Likelihood-free inference with emulator networks

TL;DR

This paper introduces a novel likelihood-free inference method using probabilistic neural emulator networks within ABC, enabling efficient and accurate Bayesian inference for complex simulation-based models without requiring explicit likelihood functions.

Contribution

The authors develop a new ABC approach employing neural emulator networks to learn synthetic likelihoods, improving inference efficiency and accuracy in high-dimensional, simulation-based models.

Findings

Emulators enable accurate inference on synthetic data.

Method performs well on high-dimensional biophysical neuron models.
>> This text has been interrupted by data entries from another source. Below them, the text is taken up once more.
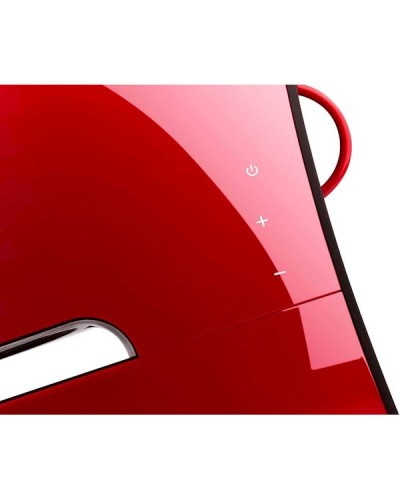 დინამიკი Edifier E25HD Luna, 74W, AUX, Bluetooth, Optical, Speaker, Red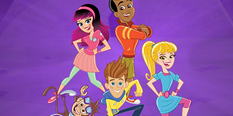 Fresh Beat Band of Spies Games
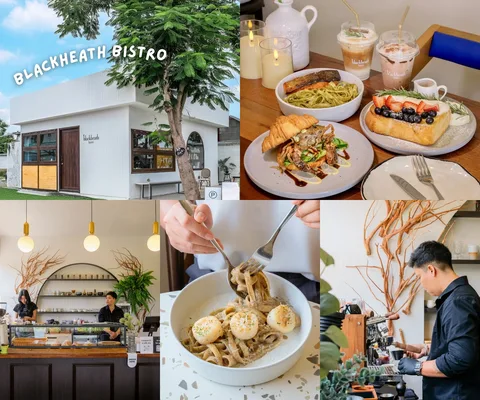 ภาพรีวิว Blackheath Bistro • บางบัวทอง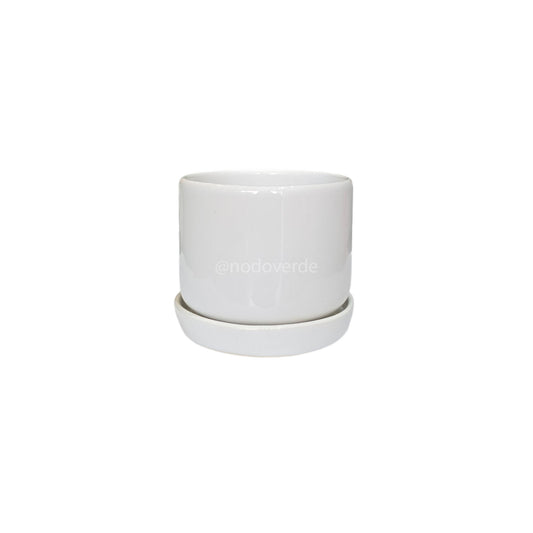 Cilindro 8cm CON Plato R1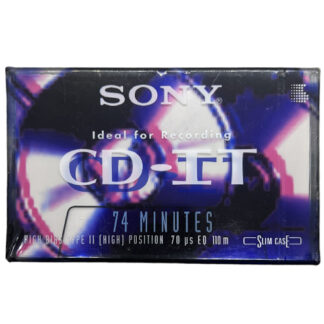 SONY CD-IT II 74 (1992-94 US)
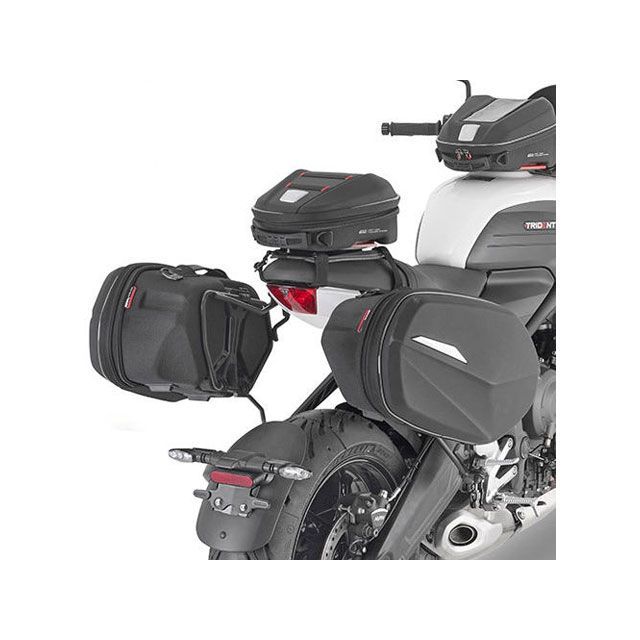 ジビ EASYLOCK SIDE CASE HARDWARE Trident 660 givi_TE6419｜モトメガネ 店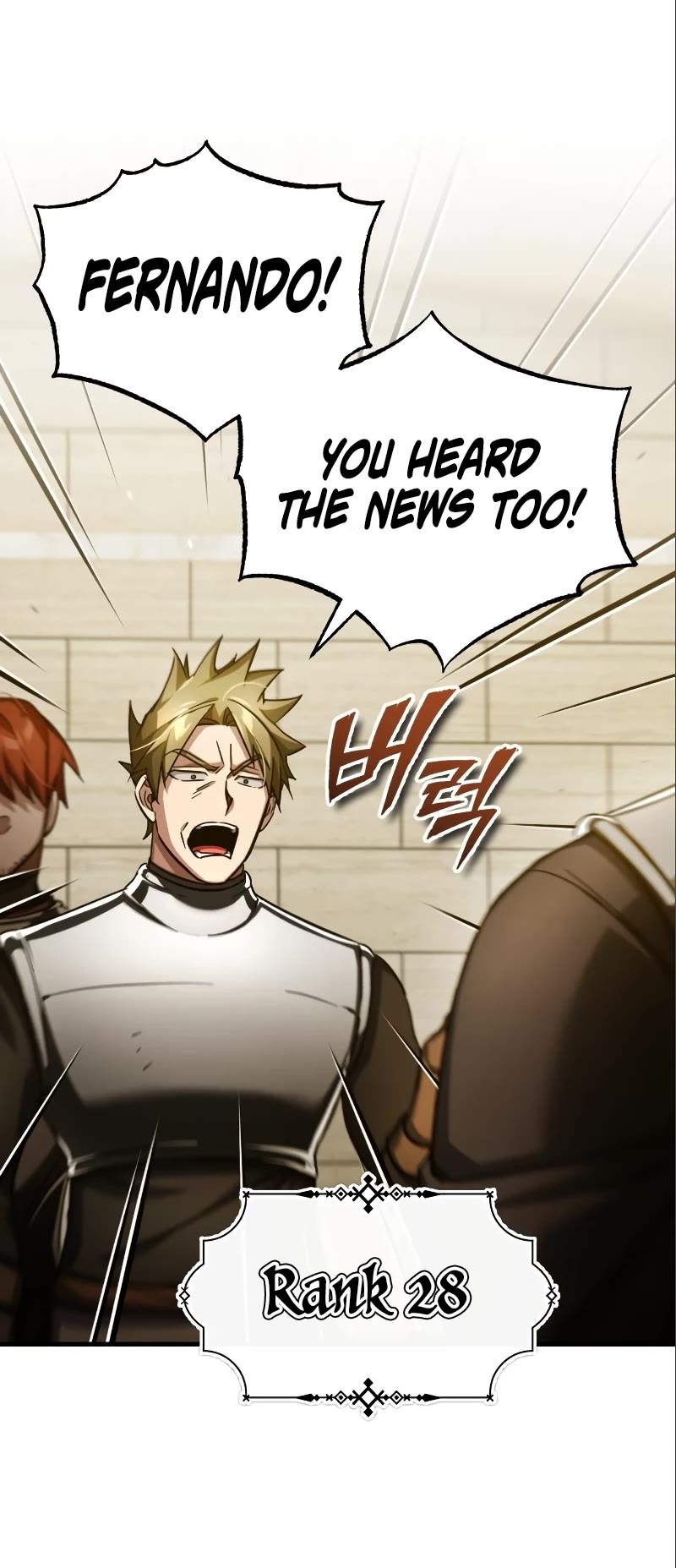 The Heavenly Demon Can't Live a Normal Life Chapter 94 page 35 - Chapter 94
Approach eliminates the need for rejection thresholds or distance functions.

Abstract

Approximate Bayesian Computation (ABC) provides methods for Bayesian inference in simulation-based stochastic models which do not permit tractable likelihoods. We present a new ABC method which uses probabilistic neural emulator networks to learn synthetic likelihoods on simulated data -- both local emulators which approximate the likelihood for specific observed data, as well as global ones which are applicable to a range of data. Simulations are chosen adaptively using an acquisition function which takes into account uncertainty about either the posterior distribution of interest, or the parameters of the emulator. Our approach does not rely on user-defined rejection thresholds or distance functions. We illustrate inference with emulator networks on synthetic examples and on a biophysical neuron model, and show that emulators allow accurate and efficient inference even on high-dimensional problems which are challenging for conventional ABC approaches.